*Exercise details*. Copy out the data below from the line containing "Helping People Forgive (Paperback)" to the line containing "3bdrm Bungalow in Matasia for sale", both lines included, with all images left out.

*Data extract*.
.....
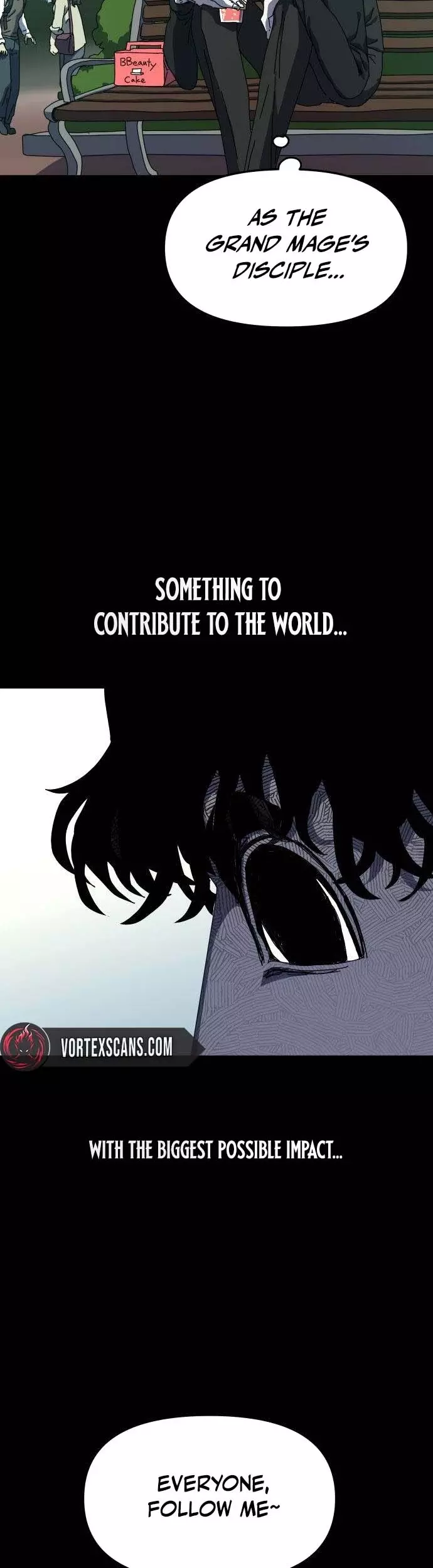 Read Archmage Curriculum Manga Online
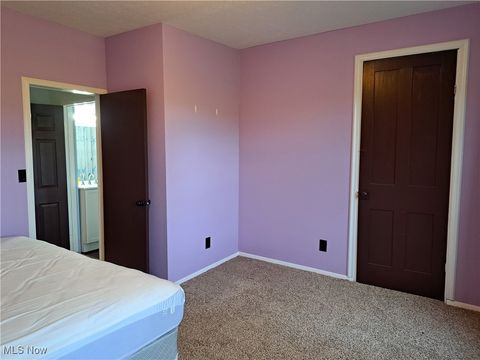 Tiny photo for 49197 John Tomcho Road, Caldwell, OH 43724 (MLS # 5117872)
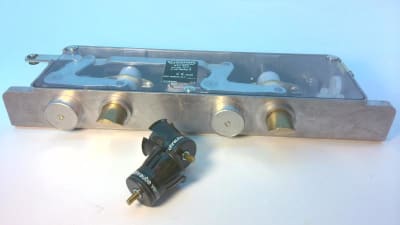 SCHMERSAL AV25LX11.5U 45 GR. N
.....
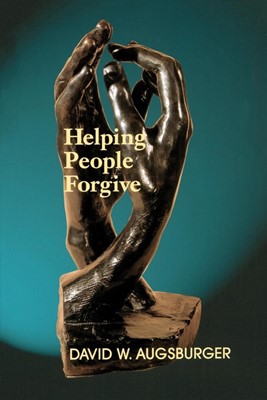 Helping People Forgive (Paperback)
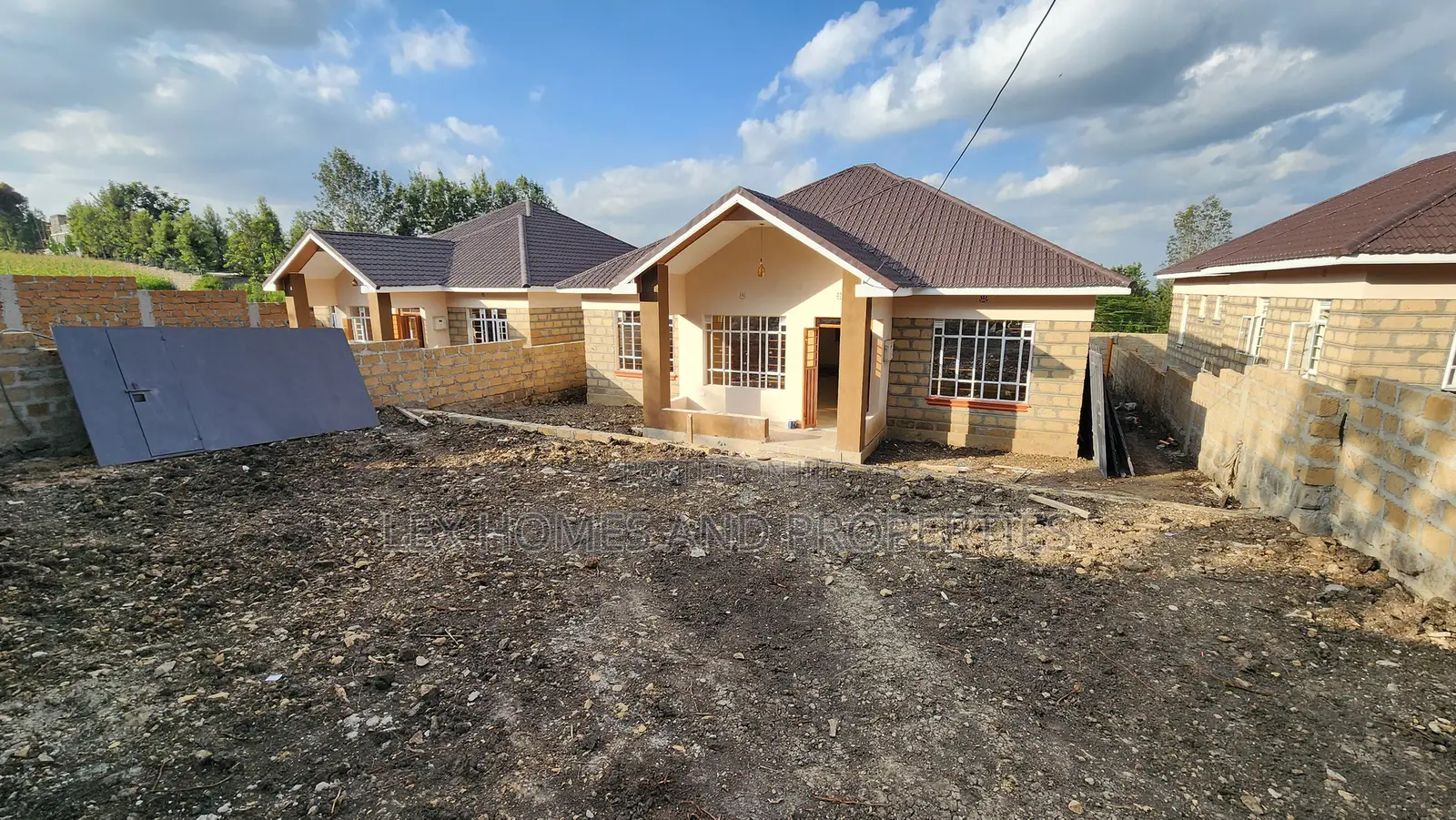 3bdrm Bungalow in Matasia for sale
.....
*Completed task*.
 Helping People Forgive (Paperback)
 3bdrm Bungalow in Matasia for sale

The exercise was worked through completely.